Окружающие посмеялись припомнив незатейливое пение нашего шкипера, а я пользуясь заминкой решил выйти на воздух. Влажный холодный воздух приятно освежил мое разгорячённое лицо и я, запахнув на груди длиннополый кафтан, долго смотрел на низкое небо затянутое серыми облаками. Потом взгляд мой спустился ниже на окружающие кровли, потом к навесам, под которыми уже хрупали овес наши кони. Уже собираясь входить я понял, наконец, чего не хватает. Над моим острогом не был поднят мой штандарт. Первым побуждением было устроить своим подчиненным немедленную выволочку, и я решительно направился в терем. Но планировка русских теремов была совершенно непривычна для меня и я, сам не знаю как, прошел в другие сени и неожиданно для себя оказался на другой его половине. Пройдя в горницу, я увидел сидящую у затянутого пузырем окна Ксению, что-то вышивающую на пяльцах. Увидев меня она вздрогнула и, отставив рукоделие, встала и с достоинством поклонилась. Мне ничего не оставалось, как ответить ей тем же.
- Здравствуй Ксения Борисовна.
- И ты здравствуй герцог Мекленбургский.
- Я, кажется, заблудился немного, а где Настя?
- Ты в своем тереме, герцог, а Настя ушла готовить тебе и твоим офицерам баню с дороги.
- Баня это хорошо, особенно после похода. Что же ты не спросишь, как я съездил, с чем вернулся?
Ксения подняла на меня взгляд полный печали, но не успела ответить, поскольку за стеной раздались шаги и в горницу, распахнув дверь, вошла Настя.
- Настенька, а я тебя искал...
- Вижу, князь, - отвечала она мне с улыбкой, - а я тебя ищу, баня истоплена. Не желаешь ли попариться, или ближников подождешь?
- А ну их, они там петь собирались, я чаю это надолго, - отвечал я, ей усмехнувшись и, выходя из горницы обернувшись к царевне, сказал: - мы после поговорим.

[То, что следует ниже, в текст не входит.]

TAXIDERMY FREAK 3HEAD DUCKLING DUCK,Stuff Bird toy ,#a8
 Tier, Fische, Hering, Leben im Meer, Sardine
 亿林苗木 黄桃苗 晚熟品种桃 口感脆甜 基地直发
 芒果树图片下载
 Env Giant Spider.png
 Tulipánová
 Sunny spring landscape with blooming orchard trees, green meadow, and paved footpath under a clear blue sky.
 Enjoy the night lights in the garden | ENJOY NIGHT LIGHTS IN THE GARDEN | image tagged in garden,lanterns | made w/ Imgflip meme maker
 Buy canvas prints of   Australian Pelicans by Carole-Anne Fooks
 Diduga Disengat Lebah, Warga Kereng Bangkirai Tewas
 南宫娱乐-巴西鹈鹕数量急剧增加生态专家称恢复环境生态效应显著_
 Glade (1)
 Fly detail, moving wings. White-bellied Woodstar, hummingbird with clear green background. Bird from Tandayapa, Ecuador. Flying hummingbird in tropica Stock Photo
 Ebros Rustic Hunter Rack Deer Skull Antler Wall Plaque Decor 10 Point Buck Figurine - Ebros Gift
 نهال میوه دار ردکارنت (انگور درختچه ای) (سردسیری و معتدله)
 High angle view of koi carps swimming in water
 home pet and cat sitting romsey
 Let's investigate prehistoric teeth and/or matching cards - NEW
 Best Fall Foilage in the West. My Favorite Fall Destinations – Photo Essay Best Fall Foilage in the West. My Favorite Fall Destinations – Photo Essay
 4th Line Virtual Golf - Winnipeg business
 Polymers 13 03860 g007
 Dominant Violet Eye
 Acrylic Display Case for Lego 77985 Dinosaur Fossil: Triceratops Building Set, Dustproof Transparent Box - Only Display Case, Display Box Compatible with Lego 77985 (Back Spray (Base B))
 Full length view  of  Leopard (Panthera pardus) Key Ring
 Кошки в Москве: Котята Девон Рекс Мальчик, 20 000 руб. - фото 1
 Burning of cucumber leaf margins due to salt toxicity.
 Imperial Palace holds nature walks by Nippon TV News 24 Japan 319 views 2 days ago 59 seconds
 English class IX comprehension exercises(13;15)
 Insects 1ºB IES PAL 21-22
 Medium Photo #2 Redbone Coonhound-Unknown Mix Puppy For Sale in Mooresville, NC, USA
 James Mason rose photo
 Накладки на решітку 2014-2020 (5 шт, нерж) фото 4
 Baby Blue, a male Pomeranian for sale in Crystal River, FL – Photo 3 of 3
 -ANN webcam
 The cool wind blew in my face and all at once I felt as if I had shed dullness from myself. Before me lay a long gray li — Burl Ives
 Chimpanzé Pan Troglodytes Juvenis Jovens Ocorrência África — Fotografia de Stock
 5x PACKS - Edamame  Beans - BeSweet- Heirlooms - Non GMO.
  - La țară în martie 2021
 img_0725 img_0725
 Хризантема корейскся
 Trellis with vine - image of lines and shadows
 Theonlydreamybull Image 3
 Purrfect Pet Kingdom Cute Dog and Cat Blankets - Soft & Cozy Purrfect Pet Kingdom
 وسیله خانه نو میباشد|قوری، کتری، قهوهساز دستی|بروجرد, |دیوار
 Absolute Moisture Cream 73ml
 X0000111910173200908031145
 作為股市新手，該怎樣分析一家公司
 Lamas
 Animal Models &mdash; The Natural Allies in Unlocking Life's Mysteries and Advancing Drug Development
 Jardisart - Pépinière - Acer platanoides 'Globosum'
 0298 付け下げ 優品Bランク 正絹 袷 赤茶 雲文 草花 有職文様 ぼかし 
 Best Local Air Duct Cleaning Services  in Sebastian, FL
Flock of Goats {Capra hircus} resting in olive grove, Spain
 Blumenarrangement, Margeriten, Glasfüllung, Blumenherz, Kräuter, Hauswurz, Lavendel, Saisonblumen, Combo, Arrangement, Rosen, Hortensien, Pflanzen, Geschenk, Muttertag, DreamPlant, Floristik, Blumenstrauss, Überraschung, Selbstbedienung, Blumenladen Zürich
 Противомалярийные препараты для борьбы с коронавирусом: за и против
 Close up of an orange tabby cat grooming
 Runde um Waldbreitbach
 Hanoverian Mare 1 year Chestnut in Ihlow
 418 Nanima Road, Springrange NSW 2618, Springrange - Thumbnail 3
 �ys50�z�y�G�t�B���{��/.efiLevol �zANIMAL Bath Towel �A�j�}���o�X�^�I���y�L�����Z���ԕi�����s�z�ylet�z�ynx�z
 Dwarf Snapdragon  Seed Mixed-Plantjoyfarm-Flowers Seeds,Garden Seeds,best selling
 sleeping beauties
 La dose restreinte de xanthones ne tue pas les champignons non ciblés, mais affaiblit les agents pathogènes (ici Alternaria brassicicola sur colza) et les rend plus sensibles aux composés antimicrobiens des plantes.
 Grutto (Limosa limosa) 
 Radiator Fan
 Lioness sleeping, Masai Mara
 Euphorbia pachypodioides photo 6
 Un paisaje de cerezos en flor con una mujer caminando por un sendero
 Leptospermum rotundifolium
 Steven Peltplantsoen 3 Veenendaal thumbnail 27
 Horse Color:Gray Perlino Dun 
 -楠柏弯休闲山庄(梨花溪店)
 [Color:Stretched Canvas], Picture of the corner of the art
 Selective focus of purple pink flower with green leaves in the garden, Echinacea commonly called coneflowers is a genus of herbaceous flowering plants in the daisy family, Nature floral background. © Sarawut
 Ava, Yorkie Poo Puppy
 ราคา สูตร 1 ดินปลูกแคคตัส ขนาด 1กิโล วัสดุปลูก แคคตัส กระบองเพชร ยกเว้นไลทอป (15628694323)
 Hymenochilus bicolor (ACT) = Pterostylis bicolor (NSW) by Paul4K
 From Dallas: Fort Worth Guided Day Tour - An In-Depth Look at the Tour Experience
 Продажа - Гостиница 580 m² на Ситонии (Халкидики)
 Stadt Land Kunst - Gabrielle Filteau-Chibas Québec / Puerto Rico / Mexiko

Однако поговорить с царевной в тот день так и не получилось, едва я вышел из горницы вслед за Настей, она обернулась и ни слова не говоря с плачем кинулась мне на шею.
- Настенька, ты что милая, - растерянно пытался я успокоить плачущую девушку.
- Где ты был, где ты так долго был, - плача повторяла она, не отпуская меня, - я уж не чаяла и увидеть тебя.
- Да что ты, что со мной сделается, вот он я живой, - пытался я успокоить ее сначала словами, потом поцелуями, пока на нас не накатила и не накрыла с головой страсть.
Проснувшись, как обычно, рано утром я потянулся и не найдя рядом Насти удивленно привстал. За мутным оконцем серел рассвет, так что пора было вставать. День обещал быть насыщенным. Оглядев раскиданные в живописном беспорядке по горнице вещи я хмыкнул про себя: - "эх, зарекался чукча сначала лыжи снимать, а только потом интим". Завернувшись в рядно, служившее мне одеялом, я озадаченно посмотрел на ведущие из горницы двери. Выглянул в одну из них, я едва не запнулся об стоящую в соседнем помещении лохань с остывшей уже водой. Почертыхавшись и припомнив происходившее накануне, вновь улыбнулся: - "лыжи-лыжами, а ванна таки была". Скрипнула другая дверь и я, обернувшись, увидел заспанного лакея Семку принесшего мне свежее белье и одежду.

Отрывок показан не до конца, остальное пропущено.